RECORDS SUPPLIED
=== Begin Enclosure ===
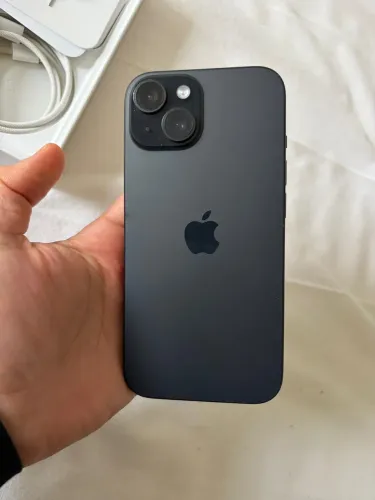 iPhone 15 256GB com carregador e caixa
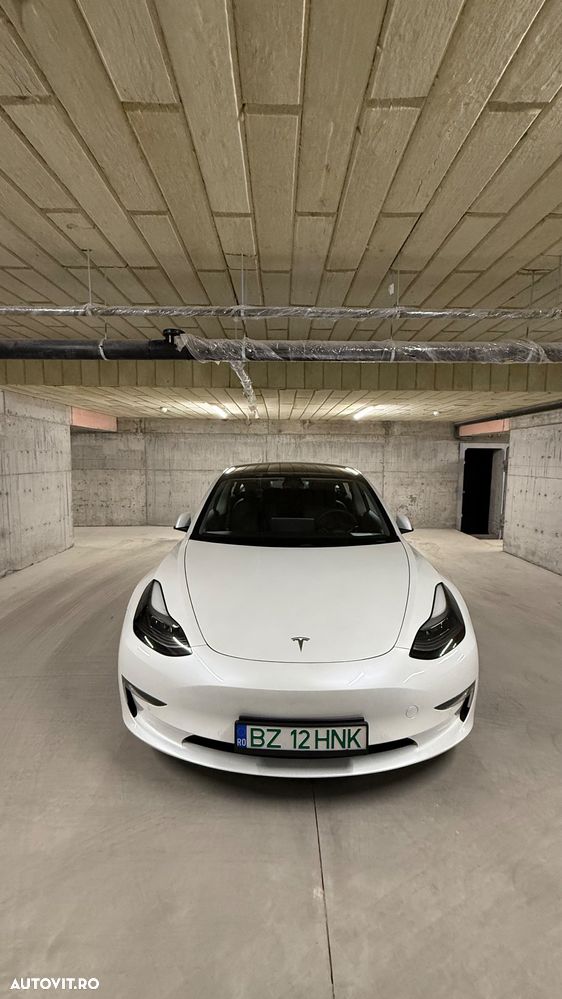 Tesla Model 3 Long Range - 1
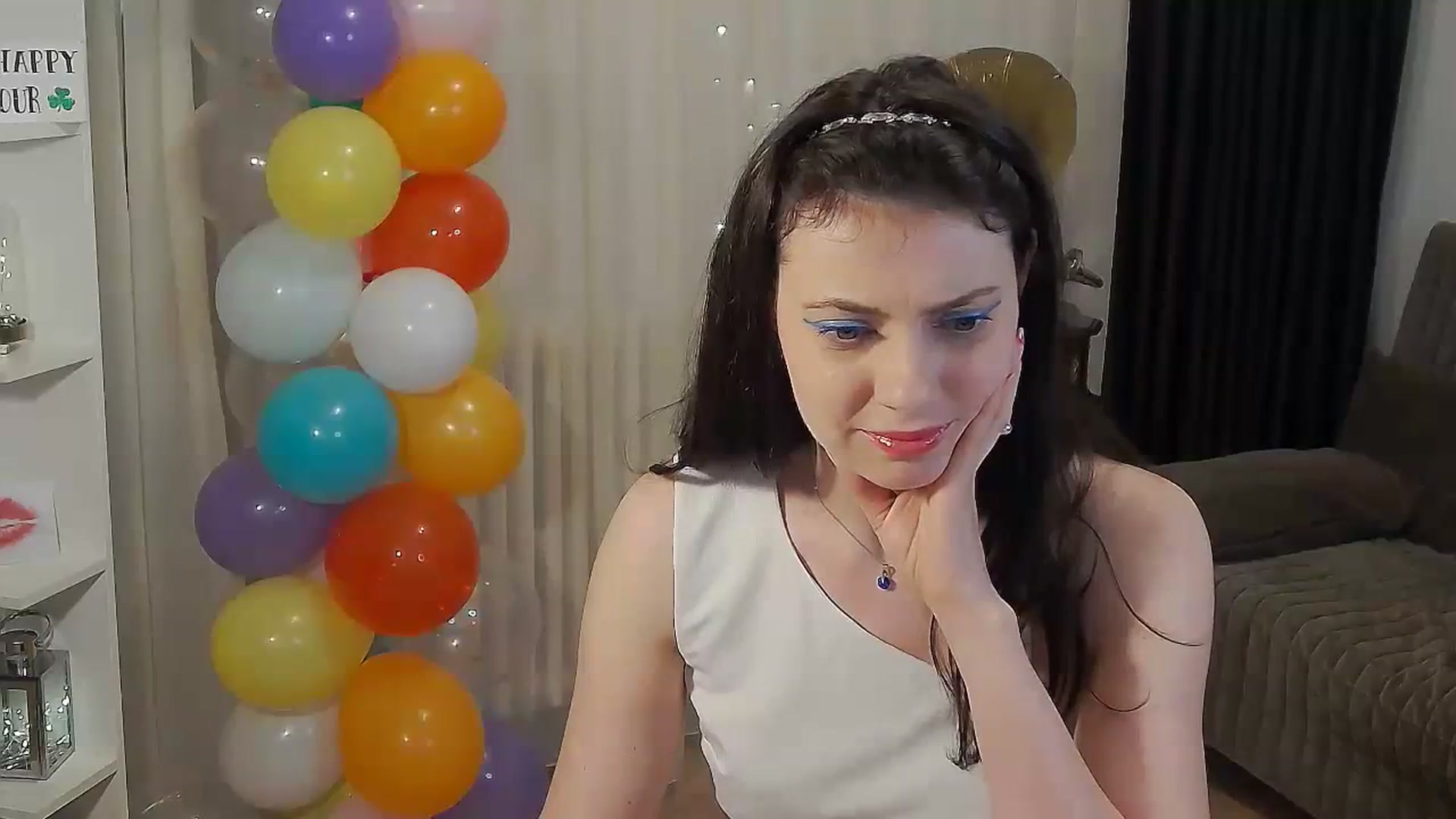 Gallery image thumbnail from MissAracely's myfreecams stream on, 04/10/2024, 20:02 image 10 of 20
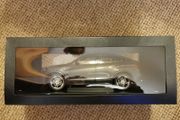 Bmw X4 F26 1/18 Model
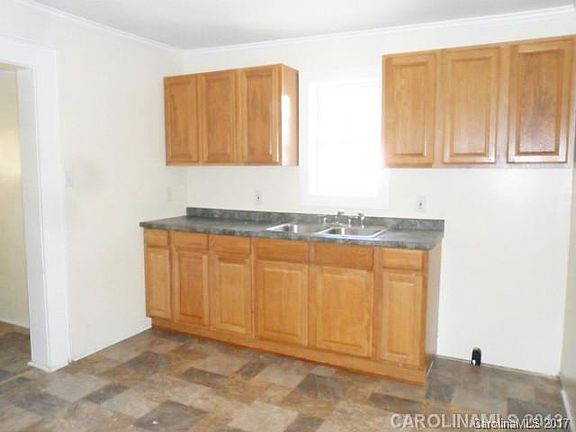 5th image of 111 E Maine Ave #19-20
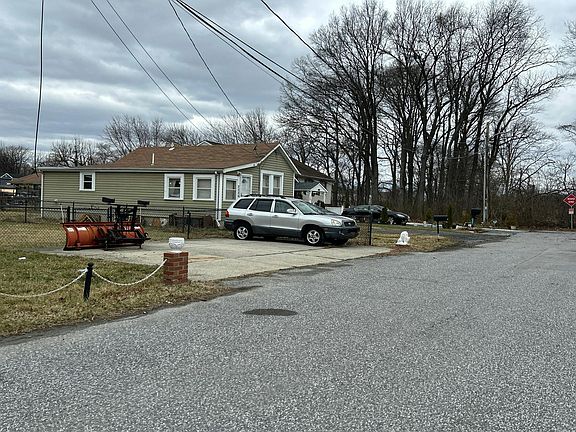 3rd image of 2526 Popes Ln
=== End Enclosure ===
EXERCISE GOAL
Repeat the records above exactly, leaving out any pictures they contain.

RESPONSE
 iPhone 15 256GB com carregador e caixa
 Tesla Model 3 Long Range - 1
 Gallery image thumbnail from MissAracely's myfreecams stream on, 04/10/2024, 20:02 image 10 of 20
 Bmw X4 F26 1/18 Model
 5th image of 111 E Maine Ave #19-20
 3rd image of 2526 Popes Ln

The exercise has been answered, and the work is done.